# PROBLEM DETAILS:
What you write must match, character for character, the lines from the one with "Vue nocturne d'un" down to the one with "Detailed close-up of" in the listing below, minus its pictures.

# MATERIAL FOR THIS EXERCISE:
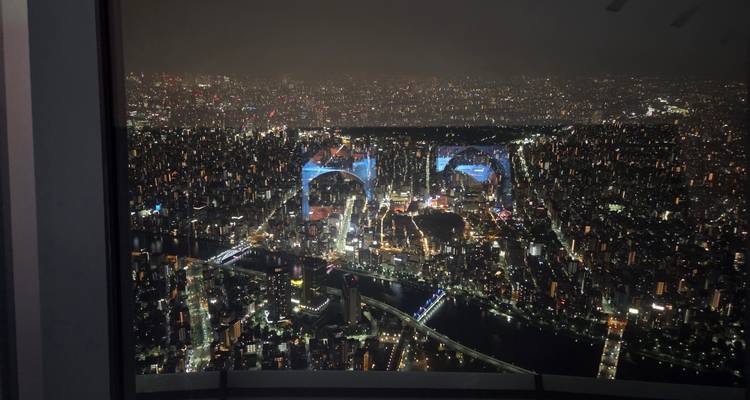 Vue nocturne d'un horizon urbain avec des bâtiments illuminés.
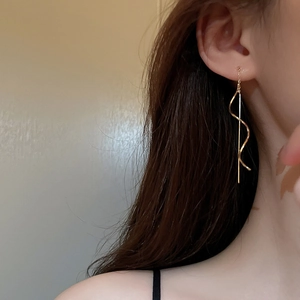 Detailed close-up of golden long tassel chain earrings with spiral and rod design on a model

--

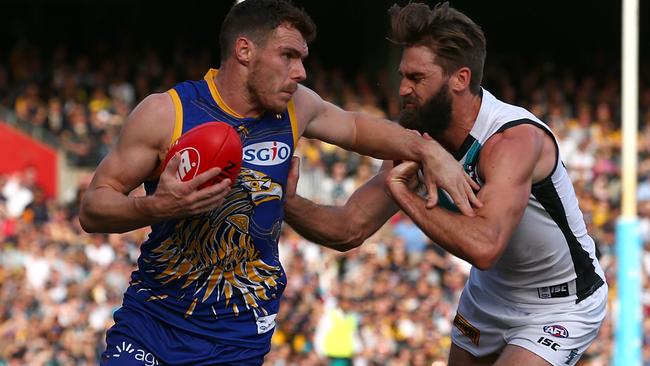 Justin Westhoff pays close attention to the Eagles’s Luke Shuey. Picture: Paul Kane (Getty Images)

# EXERCISE ANSWER:
 Vue nocturne d'un horizon urbain avec des bâtiments illuminés.
 Detailed close-up of golden long tassel chain earrings with spiral and rod design on a model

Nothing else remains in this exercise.